The lighting and surrounding furnishings also affect the color of the walls.
Bring Ceilings Down to Size
With so much empty space in the upper half of the room, the high ceiling of a large great room can make the room feel imposing and unbalanced. **Painting the ceiling a deep, rich color** makes the ceiling seem not so far away and helps to balance the look of a large, open space.
Decorators consider the ceiling a fifth wall and often treat it with color. A warm chocolate brown on a great room ceiling gives the room an intimate, cozy feel.
Try a deeper shade of the wall color in an eggshell or pearl sheen to limit light reflection, such as a navy blue ceiling paired with walls painted light blue-gray, or a deep ocher ceiling with sand-colored walls.
Create Color Flow
Great rooms combine living spaces, often consolidating living room, dining room, and family room or kitchen -- all in one big room. For a pleasing flow of color that unifies the space while also creating depth and dimension, use a [monochromatic color scheme](http://wwwcolor-wheel-artistcom/monochromatic-colorhtml).
Transitioning between light, medium and dark shades of the same color, such as an orange-based terra cotta, for example, helps define each area while keeping a cohesive feeling throughout the room.
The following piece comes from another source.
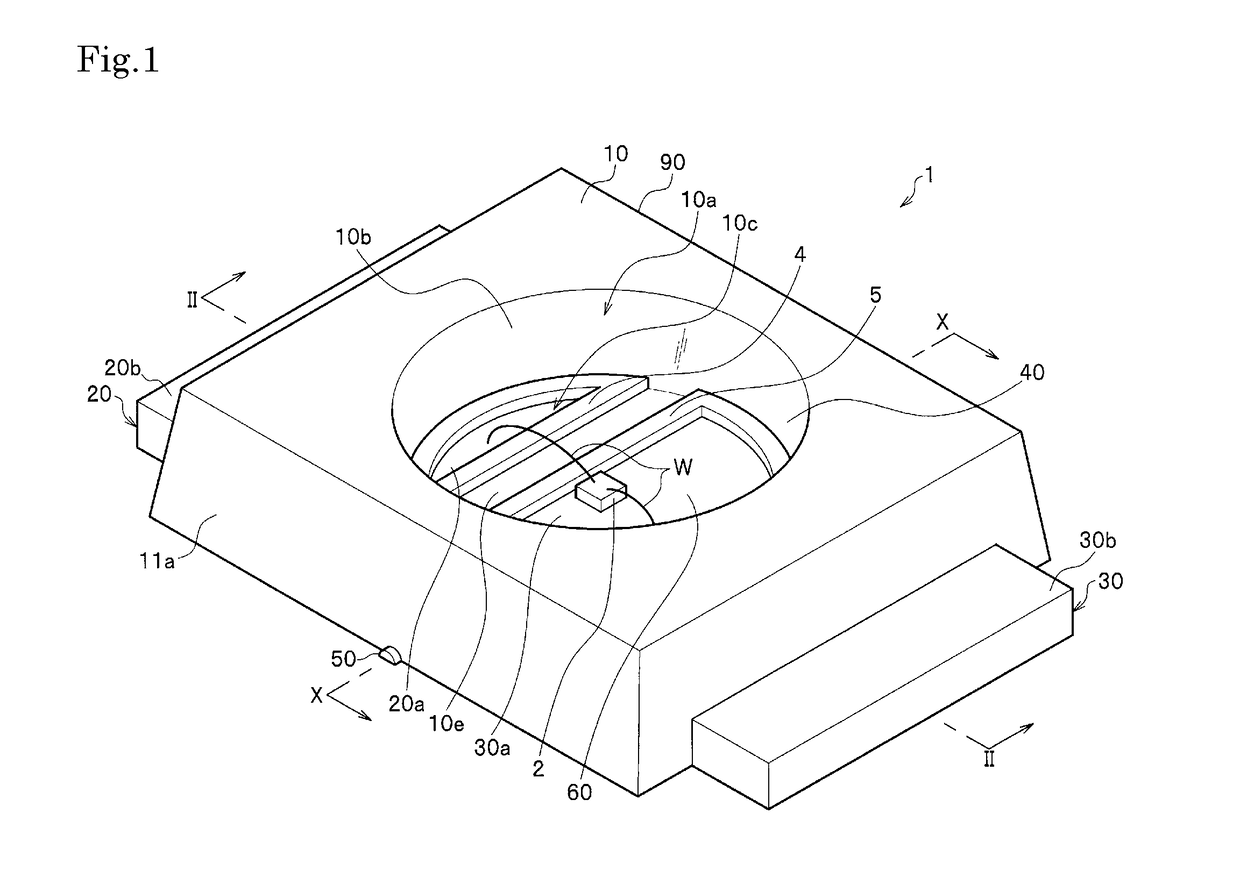 Package, light emitting device, and methods of manufacturing the package and the light emitting device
Alternatively, go with one neutral shade on the majority of walls, such as beige or _greige_, a mix of gray and beige, and use bolder accent colors to define separate areas. Paint a toasty nutmeg on the fireplace wall in the living room and charcoal gray on a feature wall in the dining room.
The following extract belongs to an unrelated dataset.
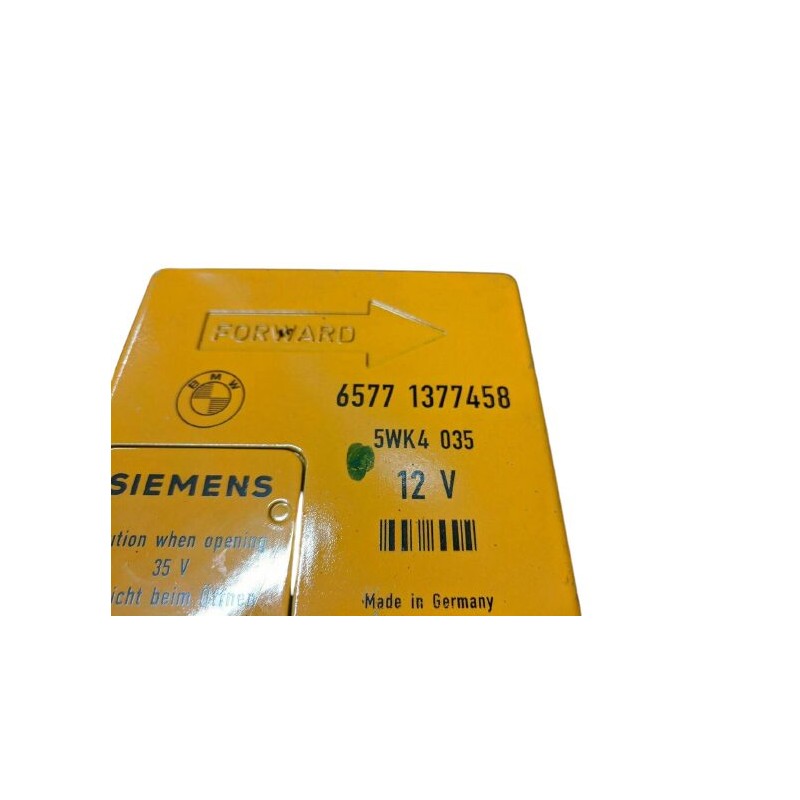 8 Unité de contrôle - Pièce d'origine BMW 65771377458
**Look for architectural features that can make the transition in color look more natural and less choppy**. A corner where two walls meet, a staircase, a fireplace or kitchen cabinetry -- all provide a good place to change wall colors.
Paint the trim the same color for continuity.
Enhance the Atmosphere
**Dark or warm colors appear to absorb light, making the room feel smaller** To create a more personal, comforting and cozy atmosphere in a great room, warm the walls with rusty red, burnt orange, terra cotta, ocher, mustard or golden yellow paint colors. These muted earth tones read more as neutrals on walls, making them easier to work with than brighter, fully saturated colors.
For a room that feels modern and fresh, go with stately shades of gray. Create a dramatic effect with a bold accent wall in black or bright fiery crimson or sunny sunflower yellow.
White walls feel timeless and elegant, enhancing the feeling of openness in a large contemporary space. Keep the room from feeling sterile or empty by hanging large, oversized paintings in brilliant colors and using darker colors on furniture or fabrics such as curtains and upholstery.
Choosing the Best Paint Color
**Pull color inspiration from wall art or fabric patterns when veering away from neutrals or when choosing accent wall colors**. Whites and grays change dramatically under different lighting conditions and with the colors that surround them.
Paint sample boards of your top four to five paint color choices. Use painter’s tape to mask off a ½-inch border around the edge of the board so the paint color you’re viewing has a white background instead of being right next to the previous wall color.
When sampling deep colors such as burnt orange or navy blue, apply a gray primer to the sample board first to get a true read on the color.
Sample paint pots and sample boards are typically available wherever paint is sold.
Allow the paint to cure for 24 hours. Then move the boards around the great room, viewing the colors under the changing light conditions throughout the day and evening.
Place the boards next to furnishings and accessories to see how the surrounding colors affect the undertones of the paint. Live with these colors for two or three days, and the best ones will make themselves known.